T. S. Anantharaman, twice vice-president of Cochin Stock Exchange and one of the brains behind its emergence as a big player, recalled how he was deputed to pacify the ‘Naxalites’ and convince them that a stock exchange did not work the way they believed it did.

Eventually he succeeded in turning them away, helping the city emerge as a major centre for trading in stocks post Harshad Mehta scandal. Daily volumes rose up to Rs. 40 crore a day with all A-group scrips being traded here. Membership soon went up to 508 and the number of sub-brokers rose to 2,500.

A broking firm Geojit (Geo of C. J. George and Jit of Ranajit Kanjilal), emerged on the scene along with entities like Peninsular Capital and Mayura Securities as harbingers of a new era which would take advantage of the first waves of economic liberalization in the country and embrace technology that virtually did away with the time-space gap in transactions.

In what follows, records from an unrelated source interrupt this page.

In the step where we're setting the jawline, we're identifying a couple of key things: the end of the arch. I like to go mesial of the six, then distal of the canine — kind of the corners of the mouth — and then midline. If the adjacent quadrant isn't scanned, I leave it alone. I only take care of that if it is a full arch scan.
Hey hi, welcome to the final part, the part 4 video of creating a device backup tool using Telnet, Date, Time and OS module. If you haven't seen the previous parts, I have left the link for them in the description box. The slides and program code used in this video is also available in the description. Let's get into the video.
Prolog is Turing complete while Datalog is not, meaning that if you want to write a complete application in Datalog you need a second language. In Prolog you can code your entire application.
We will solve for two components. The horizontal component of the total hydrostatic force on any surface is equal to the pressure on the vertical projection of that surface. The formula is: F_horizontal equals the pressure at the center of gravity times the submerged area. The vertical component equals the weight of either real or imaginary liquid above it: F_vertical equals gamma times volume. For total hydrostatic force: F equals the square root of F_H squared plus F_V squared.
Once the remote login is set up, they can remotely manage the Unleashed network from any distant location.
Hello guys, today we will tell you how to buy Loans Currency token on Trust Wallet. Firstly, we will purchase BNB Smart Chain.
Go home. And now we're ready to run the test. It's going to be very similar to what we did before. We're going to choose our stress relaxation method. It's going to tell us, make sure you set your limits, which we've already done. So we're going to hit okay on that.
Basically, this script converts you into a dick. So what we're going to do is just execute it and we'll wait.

The rest, as they say, is history. In 2011-12, Securities and Exchange Board of India (Sebi) ranked Kochi as the biggest centre — after Mumbai, Delhi and Kolkata — in terms of the volume of shares changing hands in the country and Kerala as the only state in the country with a shareholder under every single Postal Index Number.

This has a lot to do with Geojit BNP Paribas, a brokerage here that took Kochi’s fame to the national stage, securing business across the country and processing it through its servers in the city. But the fact is that Kochi is today the hub of the State’s equity culture, a position it achieved through 20 years of growth, leveraged by new technologies.

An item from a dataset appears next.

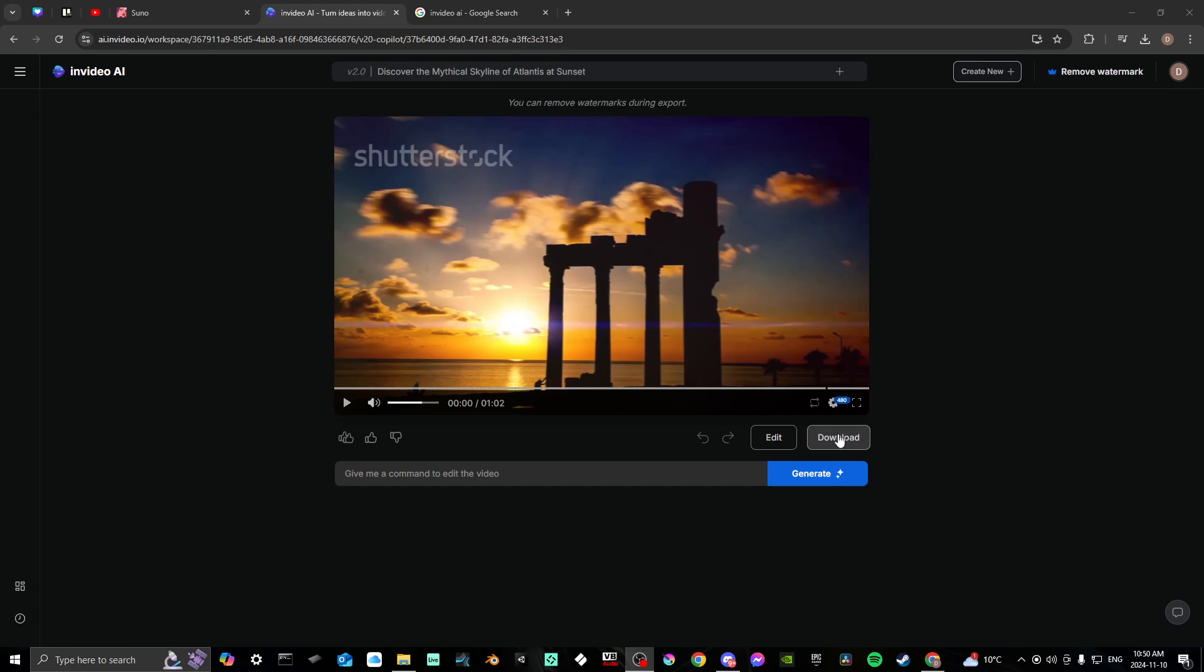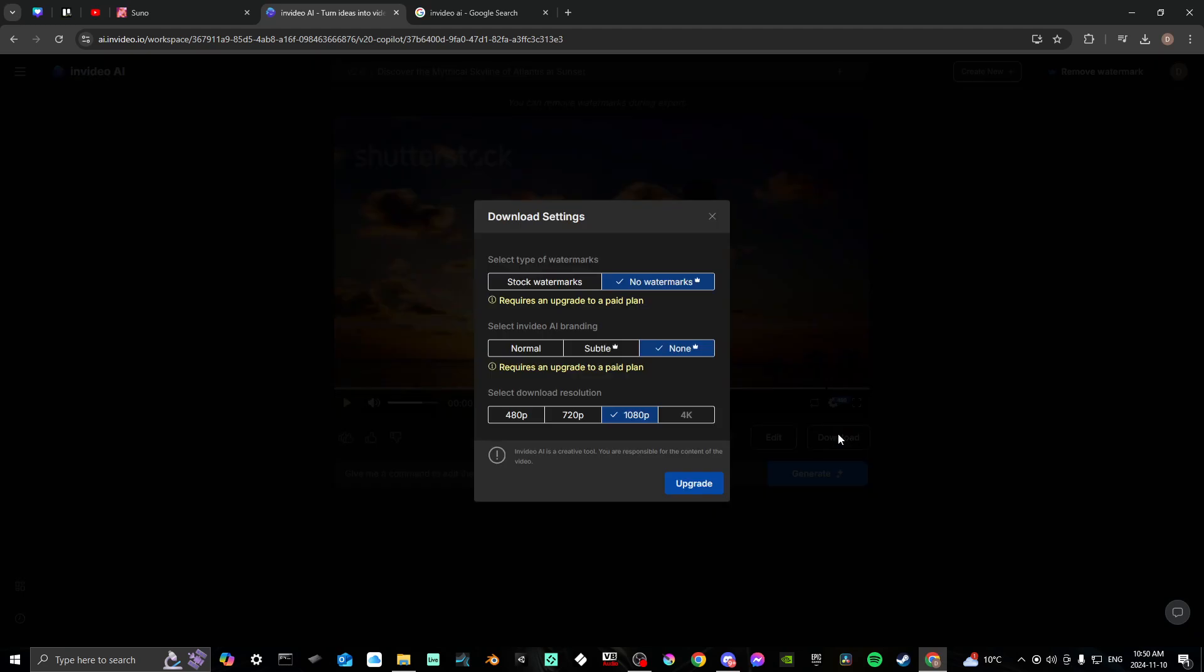Once you click download, it's going to give you a few options here. If you have a subscription, then you can export this here without watermarks. But what you're going to have to do if you're using the free plan is...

Mr. Anantharaman said Kochi Stock Exchange’s growth was rapid. He attributed the phenomenon to the eagerness shown by brokers to adopt change. “We realized that the future lay in the new technology,” he said.

“There were more changes in Indian capital market between 1994 and 2002 than in 100 years,” remembers chairman and managing director of Geojit BNP Paribas C. J. George, recalling the days when the seeds of Kochi’s emergence on the capital market scene were sown. Soon, Mr. George’s partner Ranajit Kanjilal divested his shares, leaving Mr. George to don the mantle of most successful player in the market.

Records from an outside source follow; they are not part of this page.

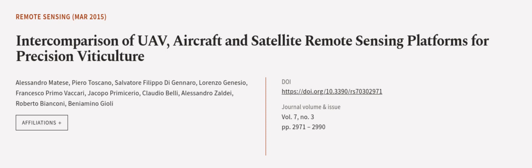This article was authored by Alessandro Matisse, Piero Toscano, Salvatore Filippo de Gennaro, and others.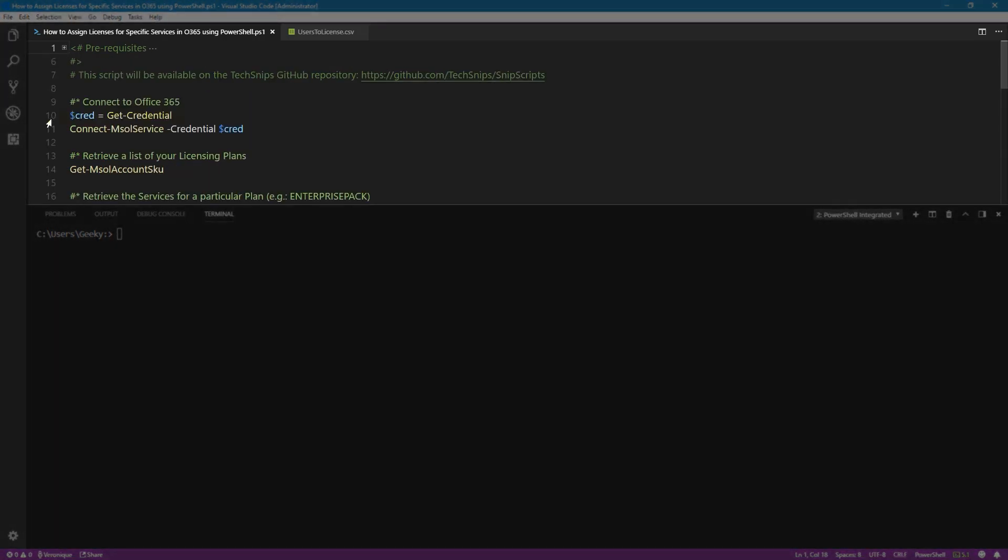I've already used the getCredential commandlet and I've provided my username and password. Now we need to use the connectMSOL service to connect to Office 365.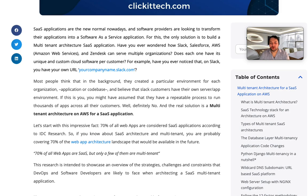So if you know about SaaS architecture and multi-tenant, you are probably covering 70% of the web app architecture landscape that will be available in the future. This is a really important topic to learn and know about.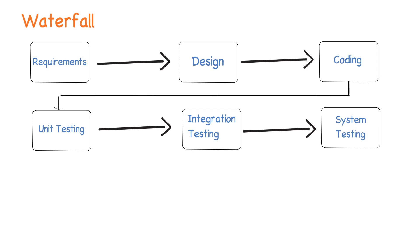So one phase had to get over, that is frozen, to start another, and typically the project duration used to take many months to years.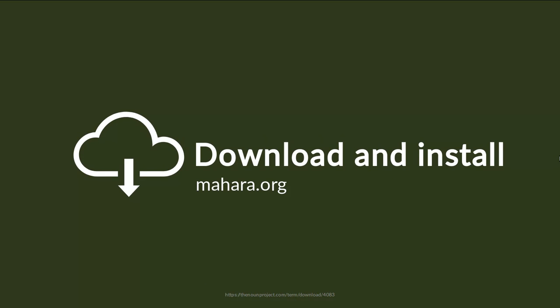You can download and install the new version when you go to mahara.org and click the download button. Installation instructions are also linked from the homepage directly.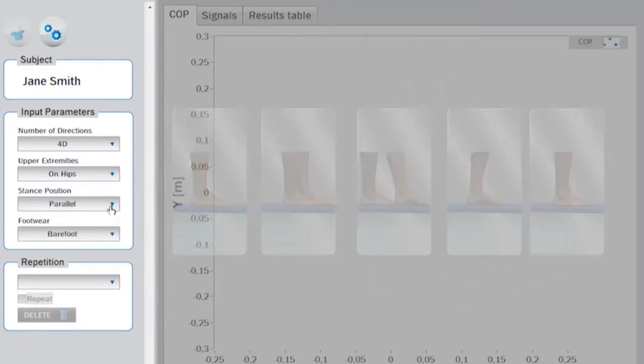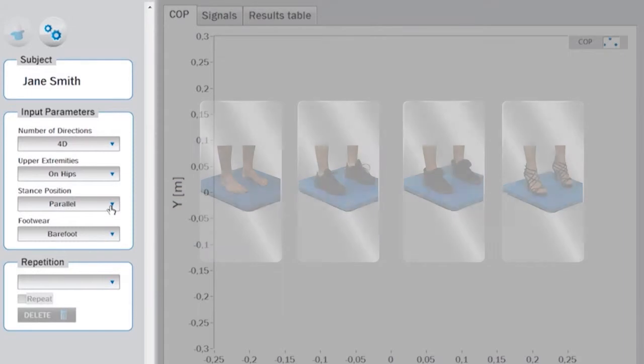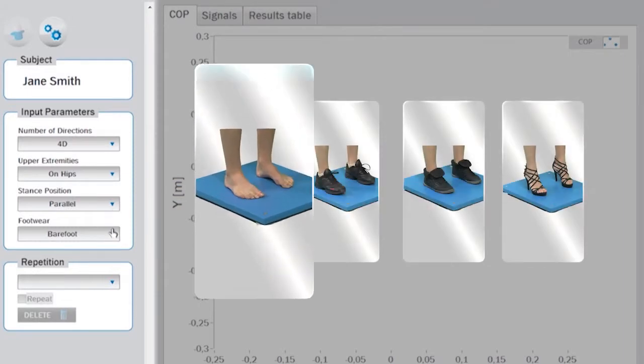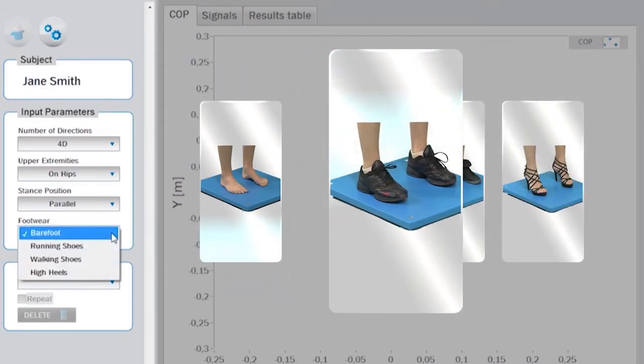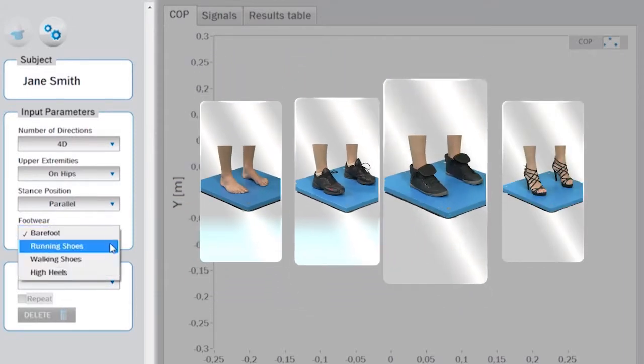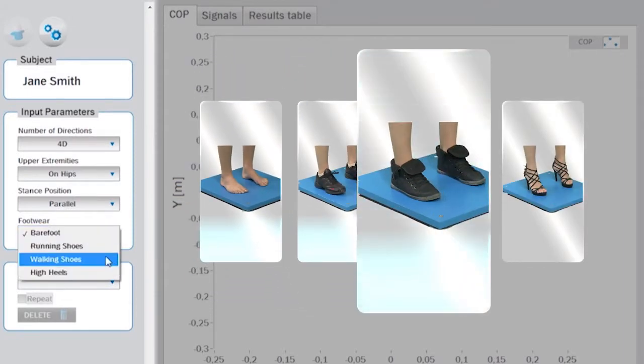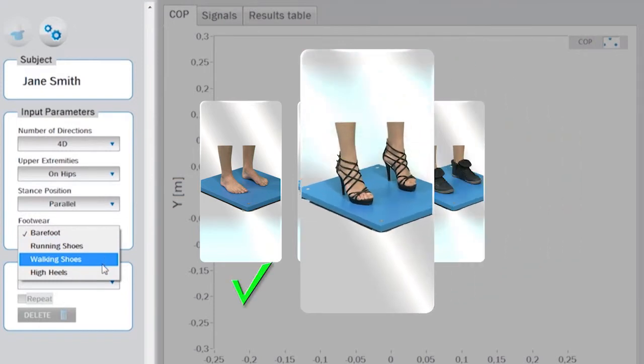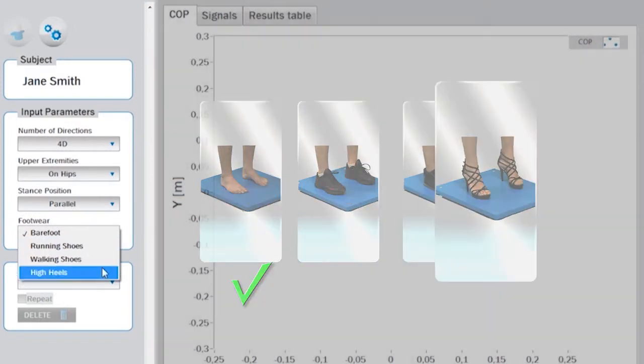To define the footwear, you can choose among barefoot, running shoes, walking shoes, or high heels.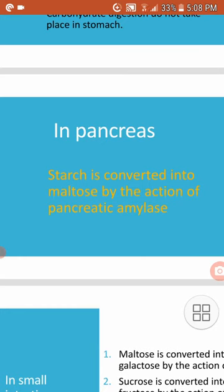After the mouth, carbohydrate digestion takes place in the pancreas. In the pancreas, starch is converted into maltose by the action of pancreatic amylase.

He said Kochi emerged on top of centres like Chennai, Bangalore and Hyderabad even in those years, thanks to the ability of players here to take to the new technology.

Mr. Anantharaman said Kochi was the first stock exchange in the country to switch to the electronic mode from the outcry system, the breaking away proving quite difficult in the initial days.

Mr. George recalled how a broker, using the computer for the first time to place buy orders, mistakenly punched in 10,000 shares instead of the actual 1,000 he wanted. Panic-stricken, the broker tried to stop the transaction by switching off the computer. “We had to educate both our clients and our employees,” he said describing how people were initially uncertain and, sometimes fearful.

Oommen Isen, president of the Cochin Stock Exchange (1996-98), said Kochi’s technology transition was quick and dramatic. “The new technology gave us a national platform,” he said about the constitution of the National Stock Exchange, which became one of the two platforms for market players.